There is a tendency on both sides of the Pacific to overdraw a portrait of an alliance on the verge of collapse. Crises in the U.S.-ROK alliance are hardly new. As I have written elsewhere, there never was a "golden age" in our alliance that was free from tension. Korean discomfort with an alliance founded on dependency and American unease with Korean nationalism has been a constant since the early days of this relationship. Clashes over how to respond to North Korea have been a staple of the alliance since its earliest days.

Korean-American relations today are much deeper than at the inception of this alliance. Our interests are intertwined on many fronts, not least as major players in the global economic and trading system. We share fundamental values as democratic societies, built on the rule of law and the free flow of ideas. There is a large, and growing, contact between our two peoples, from trade and tourism to immigration.

The current situation is worrisome however because it threatens the security system that lies at the foundation of the alliance. Though our interests are now far broader, the U.S.-ROK alliance remains military in nature. The founding document of this alliance was the

Mutual Defense Treaty signed on October 1, 1953, following the conclusion of the armistice pact to halt the Korean War. That treaty has been significantly modified only once - 28 years ago in response to American plans to withdraw its ground forces from Korea - to create the Korea-U.S. Combined Forces Command (CFC).

The two militaries have a vital legacy of decades of combined command, training and war planning. American military forces in significant numbers have remained in place to help defend South Korea from potential aggression from the North. South Korean troops have deployed abroad numerous times in support of American foreign policy goals, including currently in Iraq and Afghanistan.
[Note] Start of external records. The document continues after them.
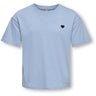kids ONLY Soft Chambray Heart Emb/Night Sky Kogmaiken Life Cropheart Ss Top Jrs Noos
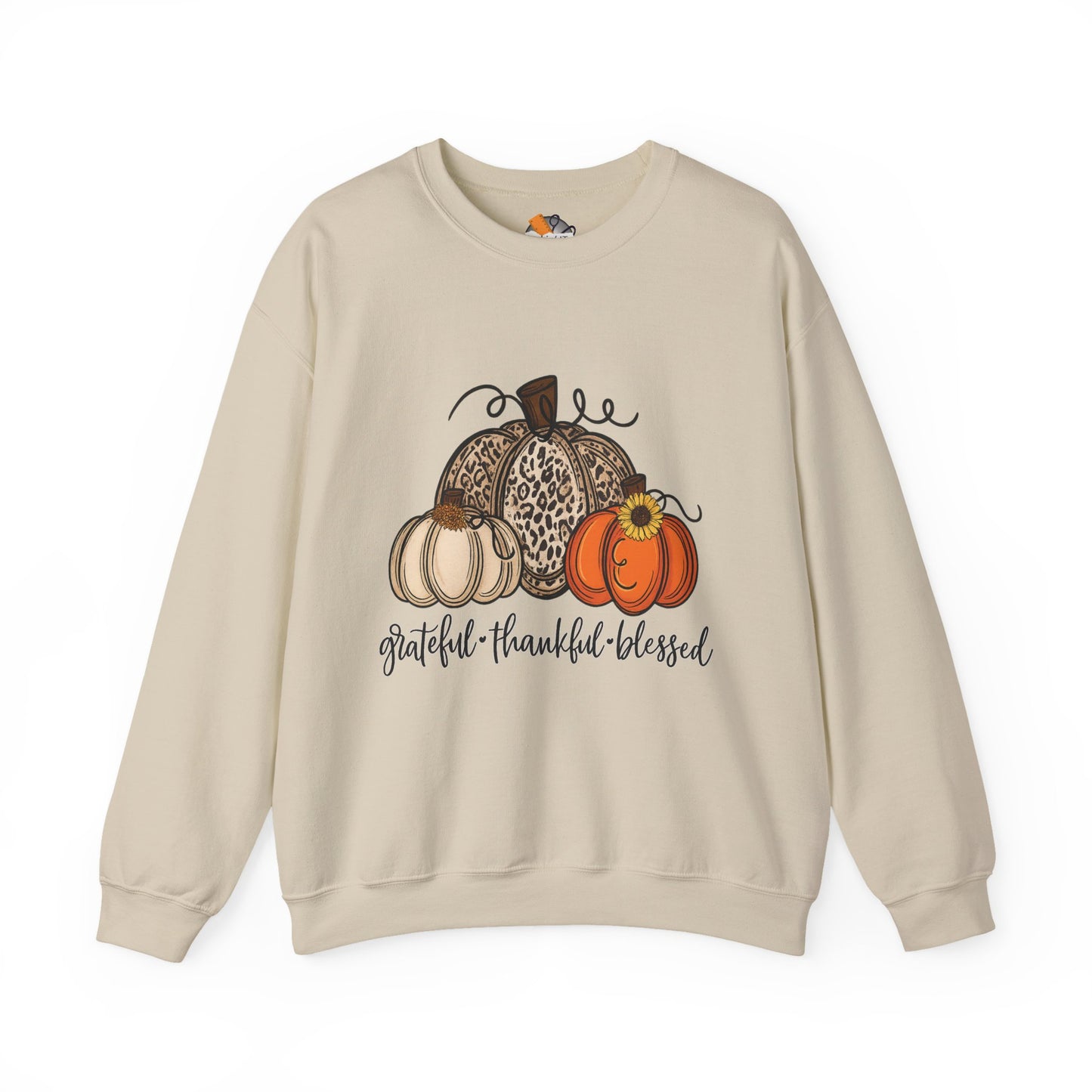 Grateful Thankful Blessed Crewneck Sweatshirt – Fall Faith & Pumpkin Season Pullover (10 Colors)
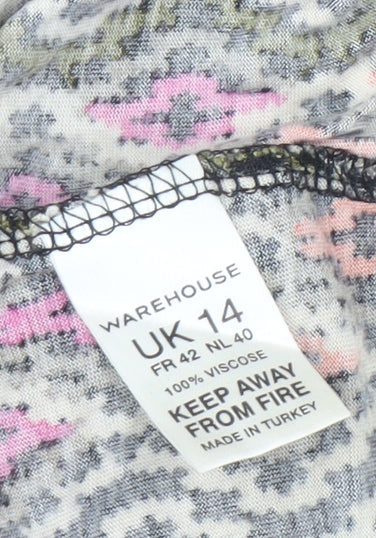 Warehouse Women's Multicoloured Shift Mini Dress, Size 14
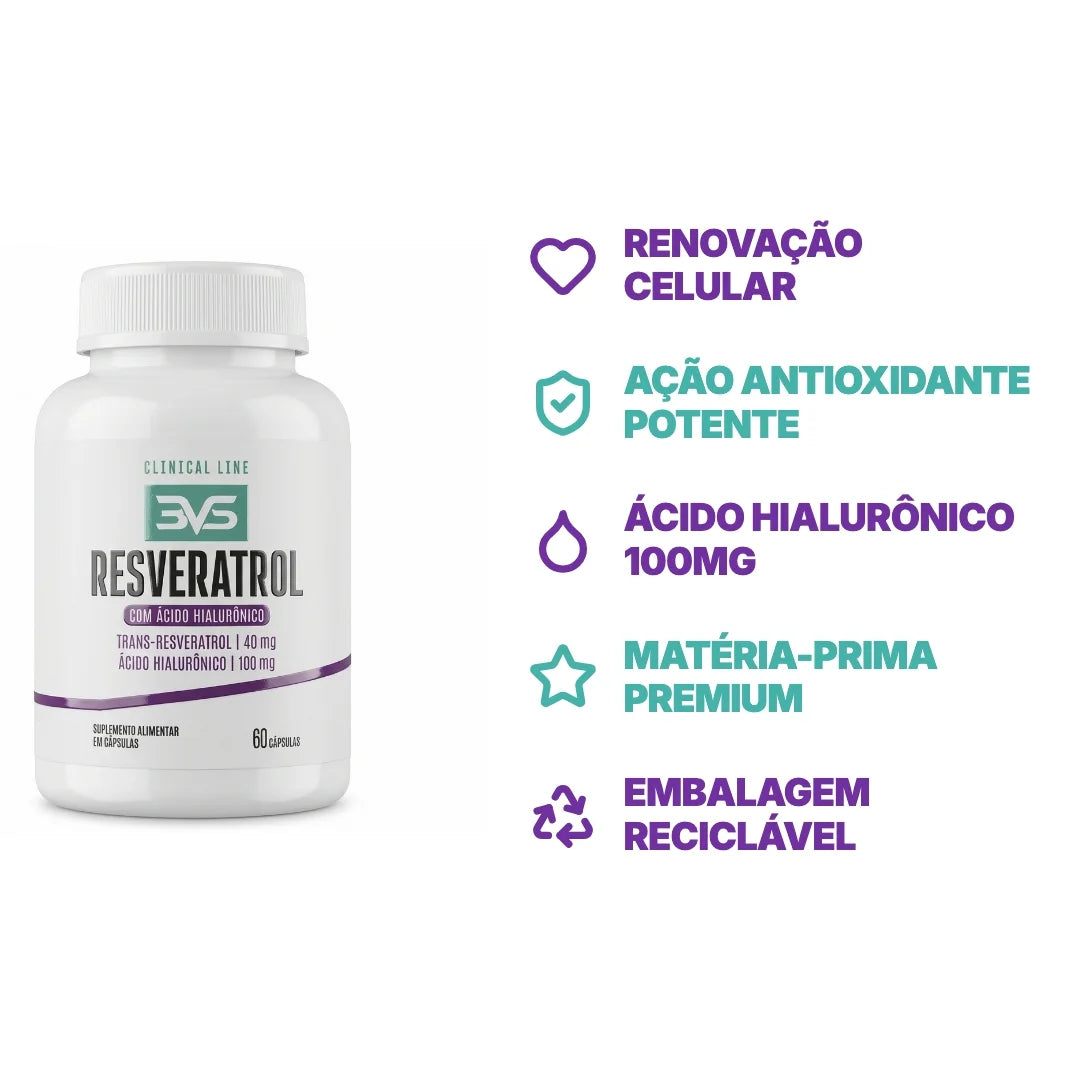 Resveratrol com Ácido Hialurônico - 60 Cápsulas | 3VS Nutrition — imagem 2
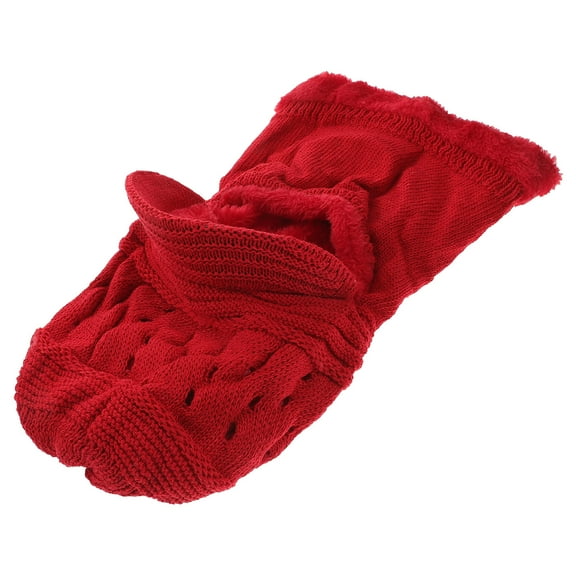 PTOOTP Women's Red Knit Hat with Integrated Hood Warm One-Piece Winter Beanie Cap 1 Piece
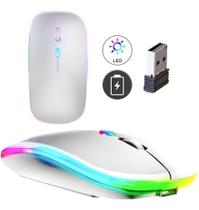 Mouse Sem Fio Recarregável Wireles Optico Led Rgb Ergonômico
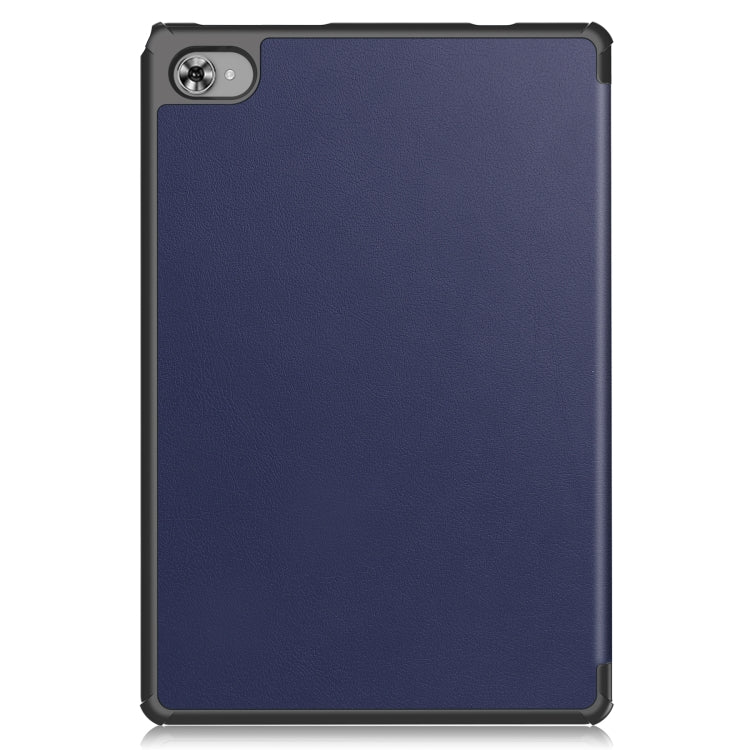 For Teclast M40 Plus Custer Pure Color 3-Fold Holder Leather Tablet Case(Dark Blue) - Teclast by buy2fix | Online Shopping UK | buy2fix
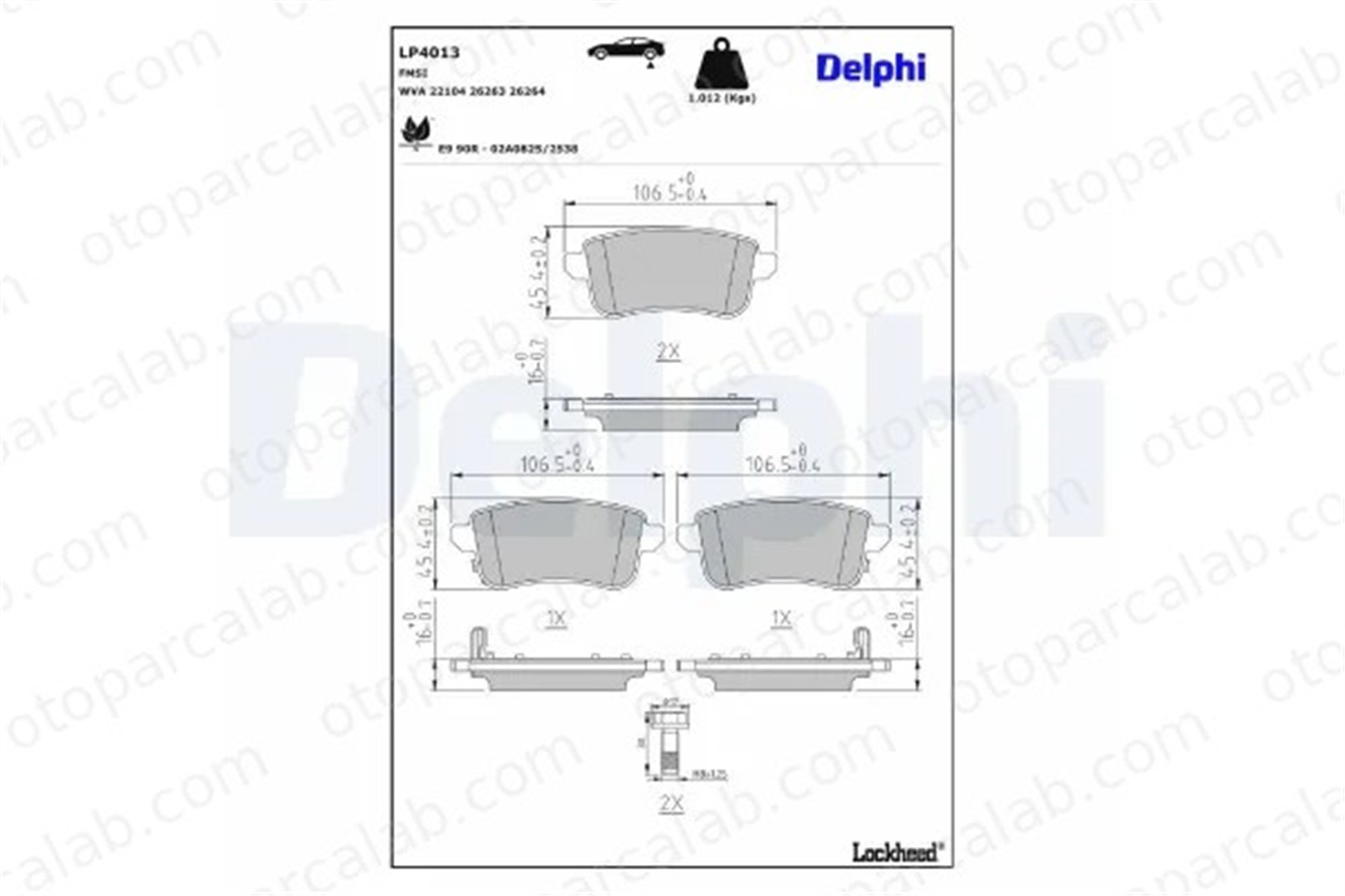 DELPHI LP4013 Fren Disk Balata Arka RENAULT CAPTUR II ZOE 440606659R 440607082R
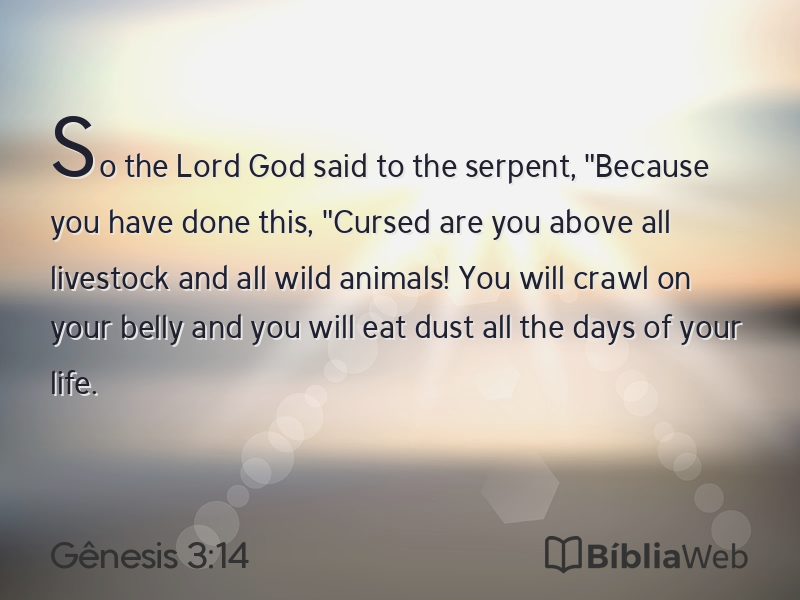 Gênesis 3:14 em imagem para compartilhar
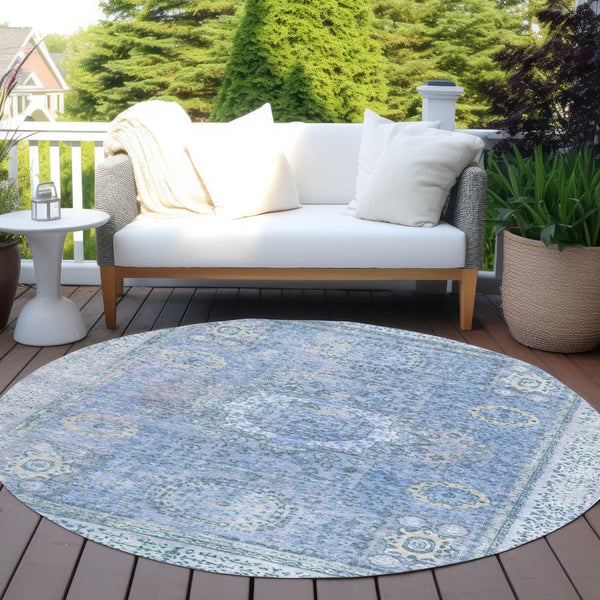 HomeRoots 8' Blue Floral Medallion Round Area Rug - Washable, Stain-Resistant for Indoor & Outdoor Use 619447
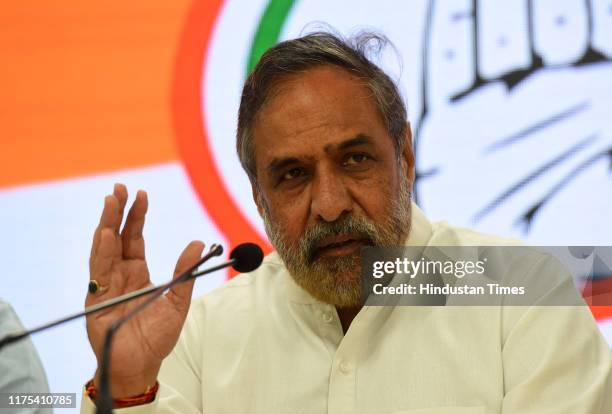 Congress leader Anand Sharma addresses a press conference over the mismanagement of economy by the BJP led government, at AICC on October 12, 2019 in...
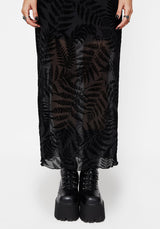 Lunafern Mesh Fern Leaf Midaxi Skirt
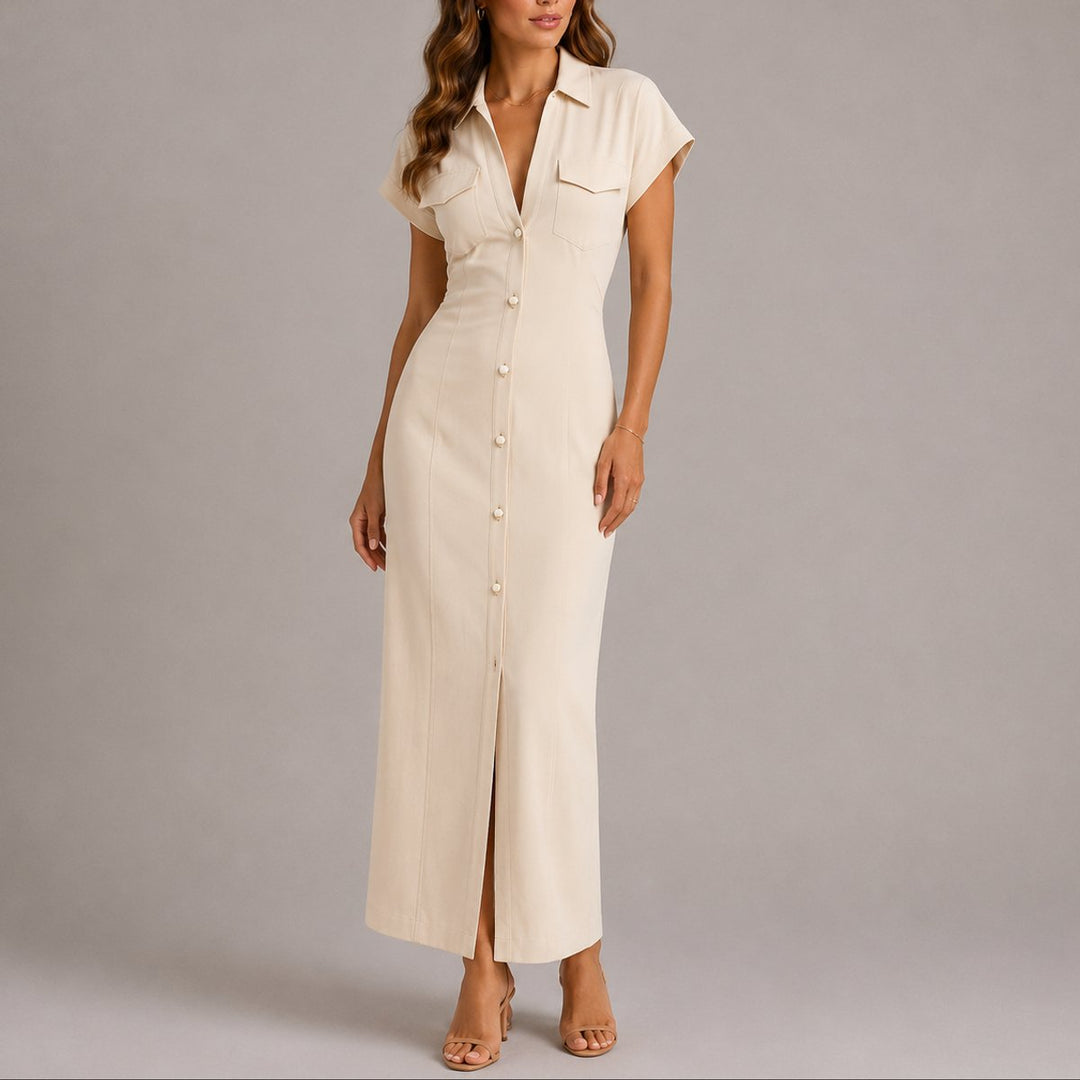 Dames Geplooide Maxi Blousejurk Herfstbruiloft Gast Jurk - Beige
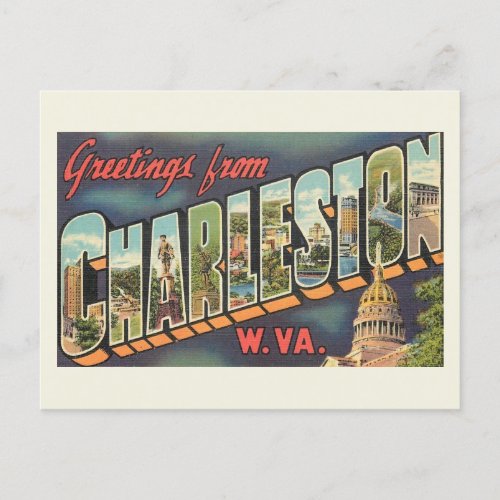 Charleston WV Large Letter Greeting Vintage Postcard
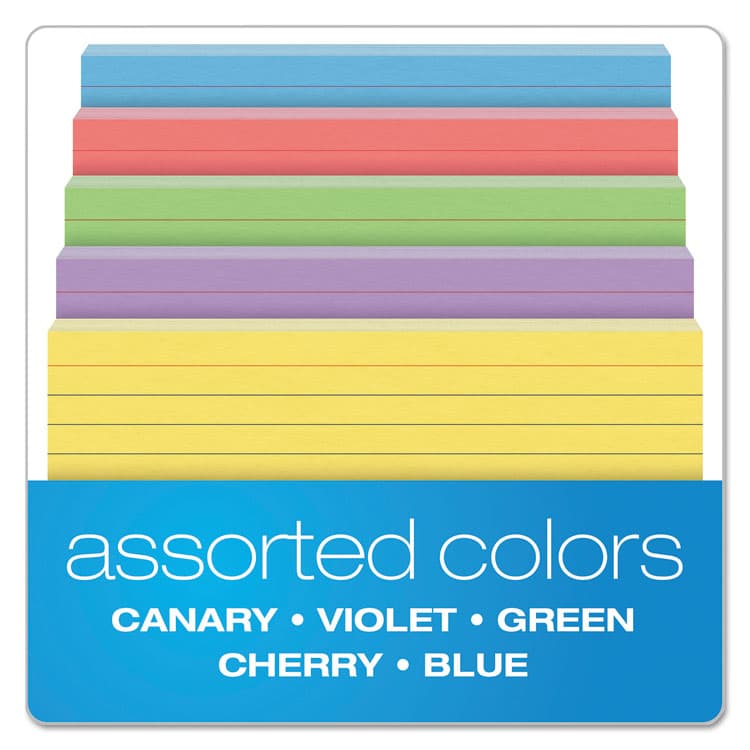 TOPS BUSINESS FORMS Ruled Index Cards, 4 x 6, Blue/Violet/Canary/Green/Cherry, 100/Pack (OXF34610) thumbnail 4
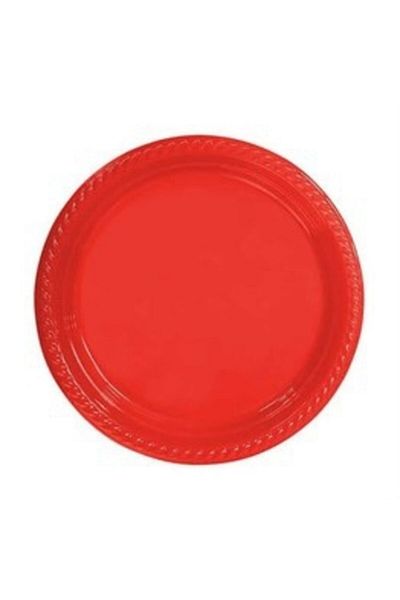 PapatyamPartiEvi Red Plate Plastic 22cm 25 Pieces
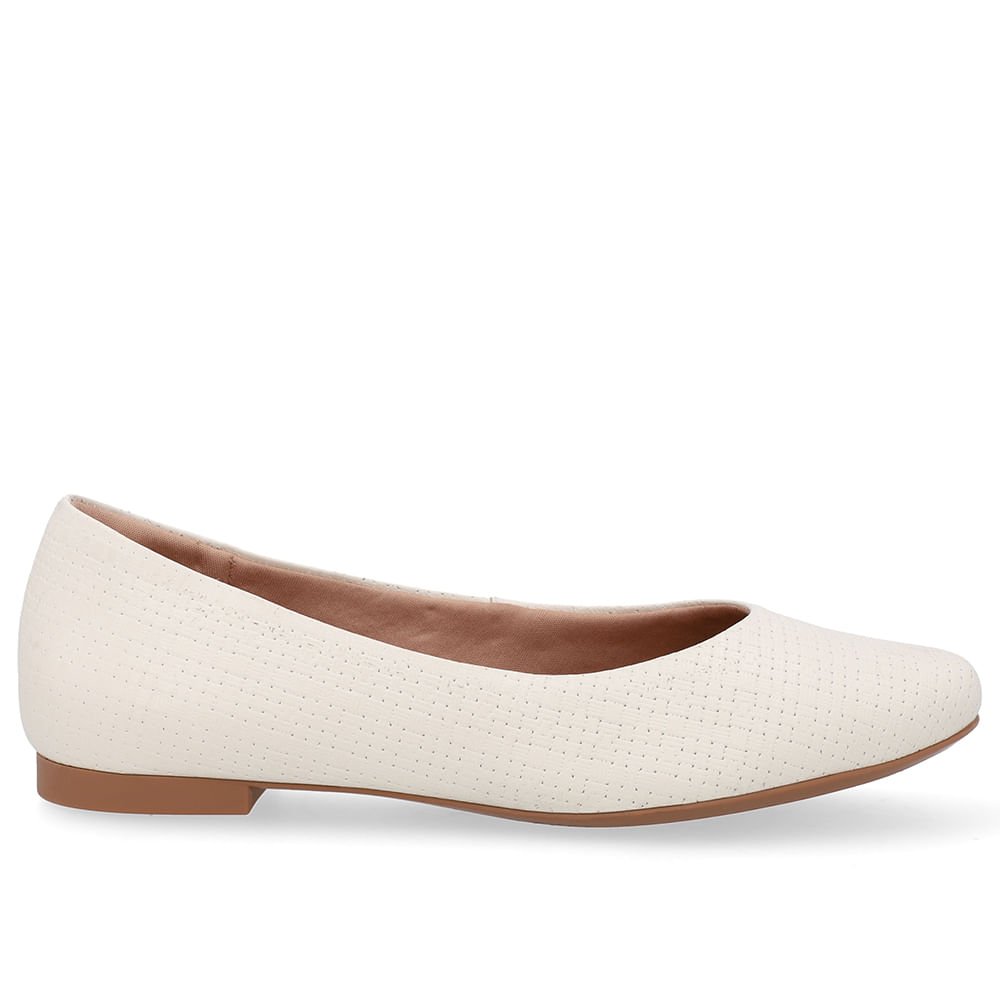 Sapatilha Branca Marfim Couro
This foundation of security is not only essential to this alliance but is the very definition of the nature of alliances in general, as distinct from other forms of cooperation and partnership in international relations.

"Alliances are binding, durable security commitments between two or more nations," Dr. Elizabeth Sherwood-Randall, a Stanford scholar and former Clinton administration senior defense official, wrote recently. "The critical ingredients of a meaningful alliance are the shared recognition of common threats and a pledge to take action to counter them. To forge agreement, an alliance requires ongoing policy consultations that continually set expectations for allied behavior."

Alliances can survive a redefinition of the common threat that faces them but not the absence of a threat. Nor can alliances endure if there is not a clear sense of the mutual obligations the partners have to each other, from mutual defense to joint actions against a perceived danger. "At a minimum," Sherwood-Randall says, "allies are expected to take into consideration the perspectives and interests of their partners as they make foreign and defense policy choices."

By this definition, the U.S.-ROK alliance is in need of a profound re-examination.

The 'shared recognition' of a common threat from North Korea that was at the core of the alliance is badly tattered. As a consequence, there is no real agreement on what actions are needed to counter that threat.

There is a troubling lack of will on both sides to engage in policy consultations that involve an understanding of the interests and views of both sides, much less setting clear expectations for allied behavior. Major decisions such as the phasing out of the CFC have been made without adequate discussion.

Americans and Koreans need, in effect, to re-imagine our alliance. We should do so with the understanding that there is still substantial popular support for this alliance, despite conventional wisdom to the contrary. The problems of alliance support may lie more in policy-making elites in both countries than in the general public. That suggests that a concerted effort to reinvigorate the alliance will find public backing.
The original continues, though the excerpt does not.